§ Directions for this task
Copy word for word the lines in the records below, starting at the line with "Building Lobby in" and ending at the line with "Decizia lui Lampard". Skip the pictures.

§ Extracted entries
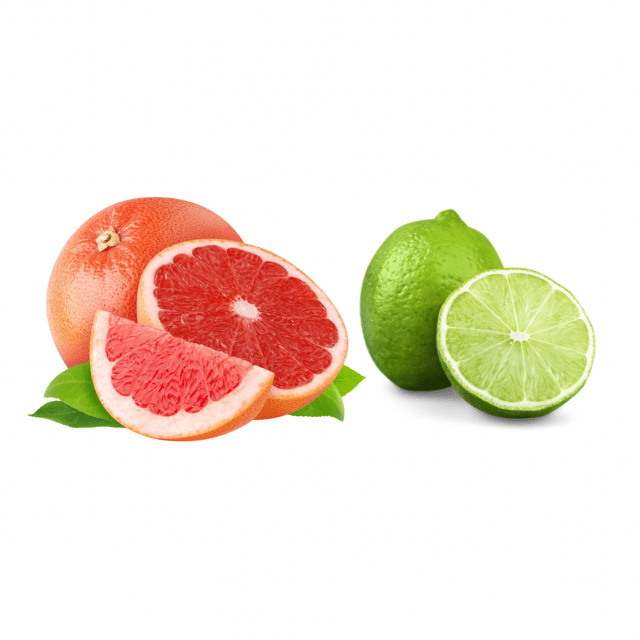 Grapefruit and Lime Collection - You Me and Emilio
...
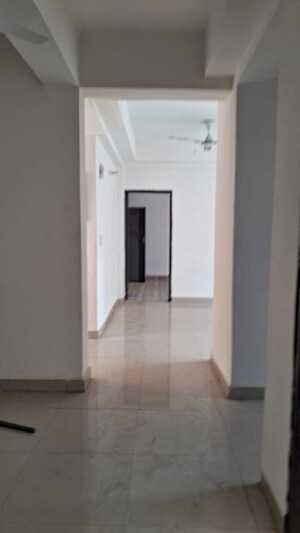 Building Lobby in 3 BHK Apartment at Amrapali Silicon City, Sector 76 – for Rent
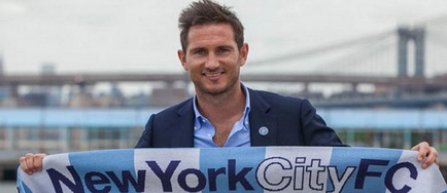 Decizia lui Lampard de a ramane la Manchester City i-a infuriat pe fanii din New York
--
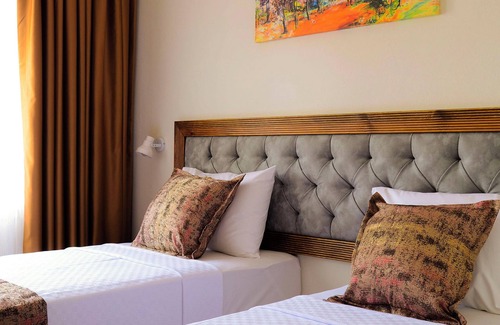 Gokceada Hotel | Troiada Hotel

§ Reply to the exercise
 Building Lobby in 3 BHK Apartment at Amrapali Silicon City, Sector 76 – for Rent
 Decizia lui Lampard de a ramane la Manchester City i-a infuriat pe fanii din New York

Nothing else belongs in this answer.